Solarze po dwóch porażkach z rzędu w lidze, wygrali z Beskidem 2:0.Trzy punkty to jedyny pozytyw po tym meczu, bo gra nadal nie napawa optymizmem.
Soła Oświęcim – Beskid Andrychów 2:0 (0:0)
Bramki:
1:0 – Cygnar 79 min. (karny)
2:0 – Snadny 81 min.
Składy:
Soła: Koper – G.Talaga (46 min. Stanek), Wadas (67 min. Skiernik), Skrzypek, W. Jamróz – Gleń (54 min. Stemplewski), Czarnik, Cygnar, Zapotoczny – Janeczko (38 min. Knapik), Snadny.
Beskid: Chwałka – Karcz, Święs, Kapera, Jurczak – Adamus, Słupski, Kaczmarczyk, Piszczek (17 min. Pierzchała) – Stróżak, Śliwa (90 Kubik).
Żółte kartki: Snadny, Czarnik, Koper (Soła) – Śliwa, Adamus, Karcz, Słupski (Beskid)
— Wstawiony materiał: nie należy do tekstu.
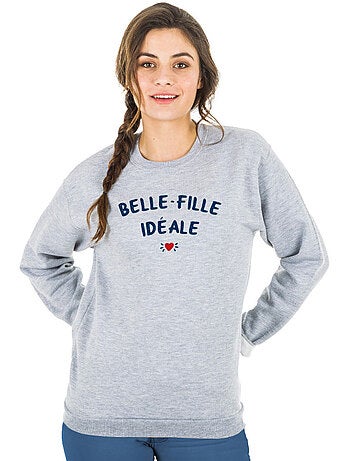 Sweat Femme - BELLE-FILLE IDÉALE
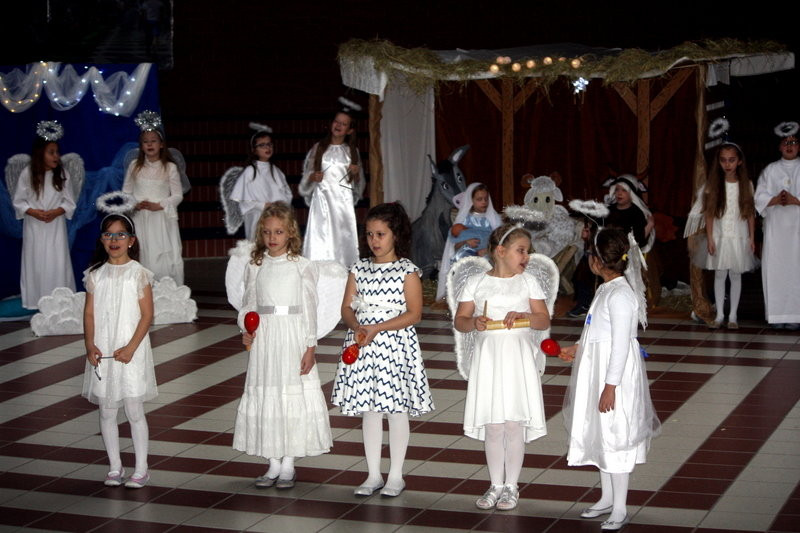 Nietypowe Jasełka w SP 13 (zdjęcia)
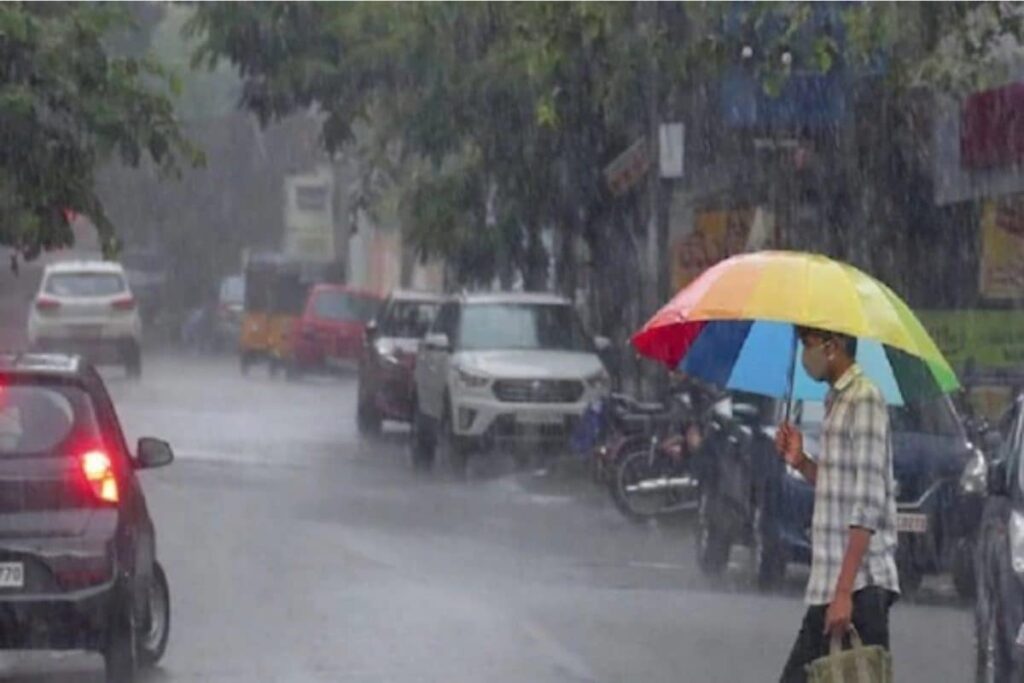 Light to Moderate Rains Likely Over North Coastal Andhra as Low Pressure Area Develops Over Bay of Bengal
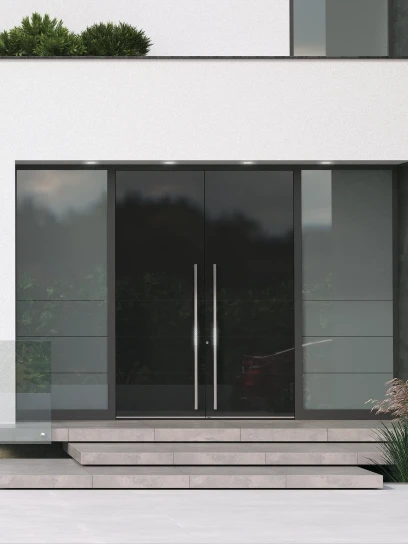 Double Entry Doors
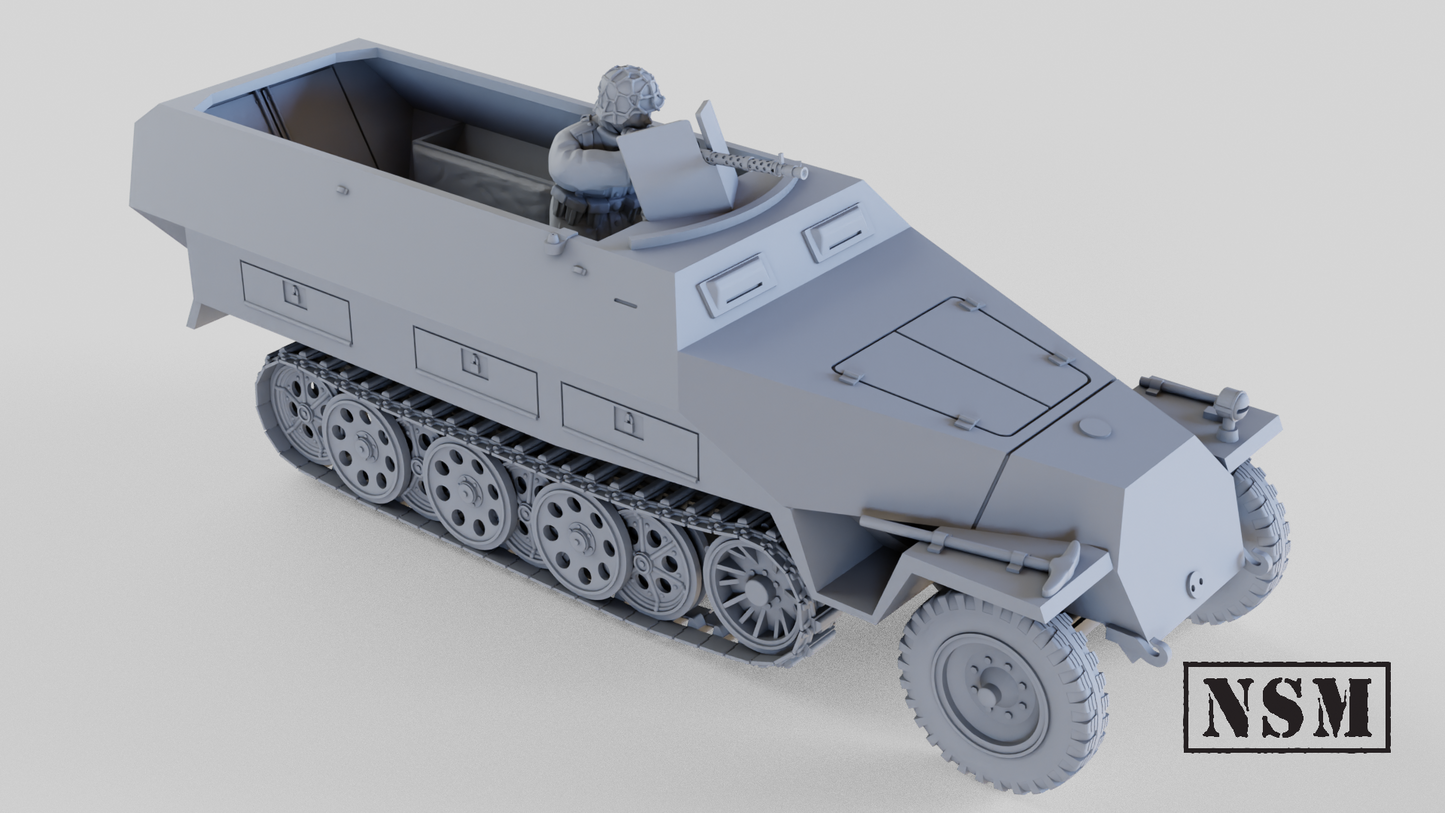 Sd.kfz 251/1 D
Nie będę się jakoś specjalnie rozwodził na temat tego meczu. Fajnie, że wygraliśmy, ale to jest jedyna pozytywna rzecz po tym meczu. Trener Krzysztof Wądrzyk nawet stwierdził, że chcieli dziś wygrać z pogrążoną w kryzysie Sołą. Wszyscy to widzą i taki jest fakt. Nie ma się co zasłaniać brakiem szczęścia, czy robić dobrą minę do złej gry. Nasza dyspozycja pozostawia wiele do życzenia. Nie to, żebym był wielkim malkontentem. Pewnie ktoś pomyśli, że jak śmiem narzekać, skoro są trzy punkty. Podkreślam, że cieszę się z tego, ale nawet nie to, a forma zespołu jest dla mnie istotniejsza, bo nie ukrywajmy, że Beskid jest po prostu słabą drużyną III-ligową. Weryfikacja przyjdzie podczas meczów z Wisłą II i Porońcem, a w takiej dyspozycji to nie mamy czego szukać z tymi zespołami. Najgorsze jest też to, że kadra też się trochę sypie. W tym meczu z powodu kontuzji musiał zejść Adam Janeczko i zawsze walczący Dawid Wadas, który swoją ofiarność okupił rozciętym łukiem brwiowym. Czasami kibice mają problem, aby zrozumieć decyzje trenera, przyznam się szczerze, że z całą sympatią dla „Stempla” - ja też. Nie wiem czy był spowodowane to, że już w 54. minucie z boiska zszedł chyba najbardziej aktywny do tego czasu Mateusz Gleń. Nie dziwię się w zupełności jego frustracji, bo grał dobrze, starał się, walczył, a spotkała go za to niezasłużona „kara”.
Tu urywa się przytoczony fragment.